Now, to be fair, the contact on the play was negligible and defensive holding is called far too inconsistent; for instance, Bradberry actually tugged the jersey of Chiefs receiver JuJu Smith-Schuster on a previous third-and-8, this one in the first half. But as well as Jalen Hurts played, his unforced fumble that led to Kansas City linebacker Nick Bolton’s scoop-and-score gifted the Chiefs a touchdown. A historic pass rush disappeared in the biggest game of the season. The secondary lacked discipline in the red zone and blew coverages. Philadelphia’s punt return coverage in the fourth quarter yielded a huge, 65-yard return that set up a touchdown.
That brings us to the Philadelphia defense. One game does not discount previous success, but this loss spoils the success Philadelphia defensive coordinator Jonathan Gannon had enjoyed with the Eagles. And it likely won’t be enough to cost him the chance at the head coaching gig with the Arizona Cardinals. But, given Philadelphia’s pass rushing proficiency, this has to go down as one of the all-time letdowns in recent Super Bowl history.
The Chiefs scored on every possession in the second half. They converted 4 of 5 third downs after halftime and recorded 15 first downs in that span. The secondary lacked discipline; by failing to follow the players they were covering with their eyes, Chiefs receivers Kadarius Toney and Skyy Moore easily got into open space on their two touchdown catches. That it wasn’t corrected after it happened once is particularly damning. Gannon and the defense let the rest of the Eagles down.

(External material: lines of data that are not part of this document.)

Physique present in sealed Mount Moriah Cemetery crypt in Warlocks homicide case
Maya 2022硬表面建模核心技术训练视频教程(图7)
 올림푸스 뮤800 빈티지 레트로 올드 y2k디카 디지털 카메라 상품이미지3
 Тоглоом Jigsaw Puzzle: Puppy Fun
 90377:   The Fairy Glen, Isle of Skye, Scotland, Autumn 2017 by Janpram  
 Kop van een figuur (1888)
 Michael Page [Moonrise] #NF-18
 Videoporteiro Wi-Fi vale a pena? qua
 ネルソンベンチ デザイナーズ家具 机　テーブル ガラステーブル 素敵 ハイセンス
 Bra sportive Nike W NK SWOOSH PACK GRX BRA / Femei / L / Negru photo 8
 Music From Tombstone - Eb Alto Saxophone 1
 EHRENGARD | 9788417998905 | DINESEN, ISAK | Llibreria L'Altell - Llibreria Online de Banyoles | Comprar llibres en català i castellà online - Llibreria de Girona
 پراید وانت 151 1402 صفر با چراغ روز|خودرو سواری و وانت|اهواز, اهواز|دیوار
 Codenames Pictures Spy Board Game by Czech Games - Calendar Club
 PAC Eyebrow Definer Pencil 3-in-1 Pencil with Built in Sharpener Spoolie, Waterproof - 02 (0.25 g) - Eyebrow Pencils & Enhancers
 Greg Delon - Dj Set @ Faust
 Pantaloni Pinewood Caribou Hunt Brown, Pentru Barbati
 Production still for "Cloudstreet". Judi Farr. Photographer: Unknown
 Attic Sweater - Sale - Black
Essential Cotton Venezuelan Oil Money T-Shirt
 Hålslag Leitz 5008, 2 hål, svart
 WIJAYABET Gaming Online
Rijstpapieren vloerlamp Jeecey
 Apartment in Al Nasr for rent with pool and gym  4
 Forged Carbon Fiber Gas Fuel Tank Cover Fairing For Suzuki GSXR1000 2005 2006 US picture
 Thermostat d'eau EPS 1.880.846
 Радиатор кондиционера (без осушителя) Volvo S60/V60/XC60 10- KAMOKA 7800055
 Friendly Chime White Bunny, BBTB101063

Miles Sanders’ run in Philadelphia
At different times this season, the Eagles have leaned on each of their trio of running backs — Miles Sanders, Boston Scott and Kenneth Gainwell. Sanders’ days with the franchise, though, may be numbered. He had been the team’s lead back, starting 49 of the 57 games he had appeared in since he was drafted in 2019. But in the postseason, the Eagles have turned to second-year back Kenneth Gainwell (11 touches for 41 yards), who outgained Sanders in each of Philadelphia’s three playoff games. As Sanders’ rookie contract is set to expire at the end of the league year and with Gainwell locked up for at least two more seasons, Sanders (seven touches for 16 yards) becomes expendable.
Slip ‘N Slide
Long-time Cardinals and current Vikings cornerback Patrick Peterson has been outspoken about the slick field in Arizona and the Super Bowl did nothing to dispel that reputation. The field was installed two weeks before the game and was rolled out to get sun, but players from both teams slipped throughout the game, especially on the areas with painted logos. It affected play and players switched to longer cleats.
In a key sequence in the second quarter, when Eagles running back Kenneth Gainwell slipped short of a first down at the shield logo at midfield, it set up a pivotal third-and-1 play. A false start made it third-and-5, which led to a scoop and score on the Jalen Hurts fumble. At the end of the game, though, it was a desperation attempt, Hurts slipped on the Hail Mary attempt that fell woefully short. Eagles left tackle Jordan Mailata called it ‘terrible’ and said ‘it was like playing on a water park.’ In the biggest game of the season, simply put, the surface was unacceptable.